WHAT NEEDS TO BE DONE — Please give back the listing below in full. Change nothing.

DATA IN THIS EXERCISE —
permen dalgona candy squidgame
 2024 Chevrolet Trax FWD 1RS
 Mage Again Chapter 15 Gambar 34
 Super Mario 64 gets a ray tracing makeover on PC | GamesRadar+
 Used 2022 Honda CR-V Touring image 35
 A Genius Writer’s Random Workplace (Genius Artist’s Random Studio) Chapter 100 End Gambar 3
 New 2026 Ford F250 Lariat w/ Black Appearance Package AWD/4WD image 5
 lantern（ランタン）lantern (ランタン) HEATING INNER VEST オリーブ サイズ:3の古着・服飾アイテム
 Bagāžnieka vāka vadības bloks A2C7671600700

ANSWER SECTION —
permen dalgona candy squidgame
 2024 Chevrolet Trax FWD 1RS
 Mage Again Chapter 15 Gambar 34
 Super Mario 64 gets a ray tracing makeover on PC | GamesRadar+
 Used 2022 Honda CR-V Touring image 35
 A Genius Writer’s Random Workplace (Genius Artist’s Random Studio) Chapter 100 End Gambar 3
 New 2026 Ford F250 Lariat w/ Black Appearance Package AWD/4WD image 5
 lantern（ランタン）lantern (ランタン) HEATING INNER VEST オリーブ サイズ:3の古着・服飾アイテム
 Bagāžnieka vāka vadības bloks A2C7671600700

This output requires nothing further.